Question

How do you factor the polynomial function $y = 2{x^3} - 5{x^2} + 4$?

Answer 1

Hint: In this question, we need to find the factors of the given polynomial. Firstly, we put different values of x in the given equation until the value of the equation becomes zero. The value of x which makes the equation zero is one of the factors. Then we write the given polynomial in such a way that the obtained factor before turns out as a common factor. Then we simplify it further to obtain the remaining factors.

Complete step-by-step solution:
Given the polynomial of the form $y = 2{x^3} - 5{x^2} + 4$
We are asked to find the factors of the above polynomial.
Note that the degree of the polynomial is 3.
Let us take the polynomial as some $h(x)$.
i.e. $h(x) = y = 2{x^3} - 5{x^2} + 4$ …… (1)
We have to find a value of the variable x which will make the whole expression equal to zero.
The value of x which makes the equation zero will be one of the factors.
We put different values of x in the equation (1).
Let $x = 1$, we have,
$ \Rightarrow h(1) = 2{(1)^3} - 5{(1)^2} + 4$
$ \Rightarrow h(1) = 2 - 5 + 4$
$ \Rightarrow h(1) = 1 \ne 0$
So, $(x - 1)$ is not a factor.
Let $x = - 1$, we have,
$ \Rightarrow h( - 1) = 2{( - 1)^3} - 5{( - 1)^2} + 4$
$ \Rightarrow h( - 1) = - 2 - 5 + 4$
$ \Rightarrow h( - 1) = - 3 \ne 0$
So, $(x + 1)$ is not a factor.
Let $x = 2$, we have,
$ \Rightarrow h(2) = 2{(2)^3} - 5{(2)^2} + 4$
$ \Rightarrow h(2) = 16 - 20 + 4$
$ \Rightarrow h(2) = 0$
So, $(x - 2)$ is a factor.
Now we arrange the terms of $h(x)$ in such a way that $(x - 2)$ turns out as a common factor.
Now we write $h(x)$ as,
$h(x) = 2{x^3} - 5{x^2} + 4$
This can also be written as,
$ \Rightarrow 2{x^3} - 4{x^2} - {x^2} + 4$
Add and subtract $2x$, we get,
$ \Rightarrow 2{x^3} - 4{x^2} - {x^2} + 2x - 2x + 4$
Factor out the common terms, we get,
$ \Rightarrow 2{x^2}(x - 2) - x(x - 2) - 2(x - 2)$
Now factoring out the common factor, we get,
$ \Rightarrow (x - 2)(2{x^2} - x - 2)$
Hence the factors of the polynomial $y = 2{x^3} - 5{x^2} + 4$ is given by $(x - 2)(2{x^2} - x - 2)$.

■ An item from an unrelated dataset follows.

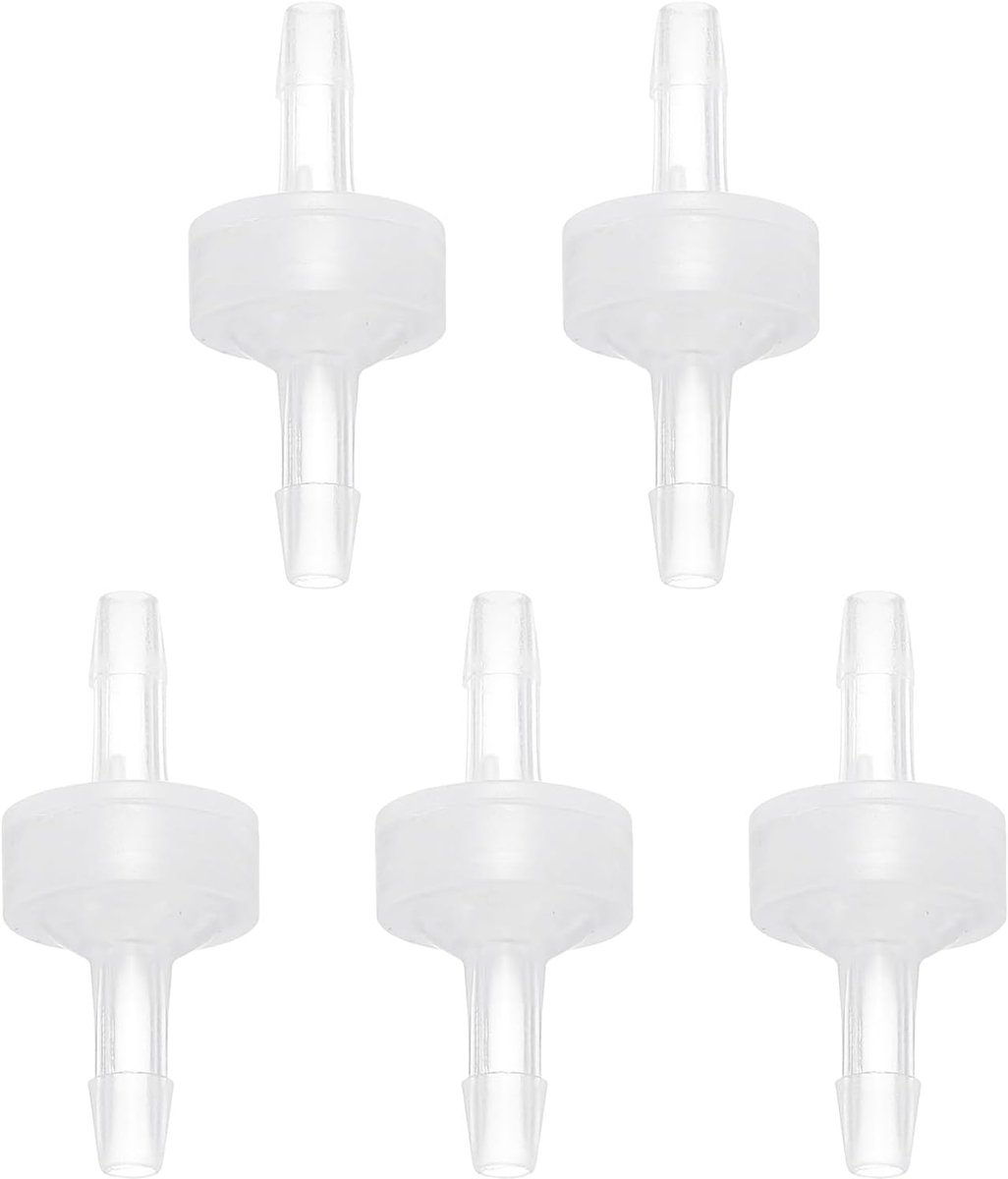 Terugslagkleppen, 3/16 inch (4 mm) doorvoerslangaansluiting in spaken van PP-kunststof voor gas, vloeistof, lucht, water, tankpomp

Note: Students need to be careful in solving such problems. They need to choose the first factor very carefully as the other factors are determined on its basis only. So substitute different values for the unknown variable and simplify so that the equation becomes zero. The value of the variable for which the equation becomes zero is one of the required factors. Later on we need to simplify the polynomial in such a way that the obtained factor must turn out as a common factor. This is one of the important steps to be remembered.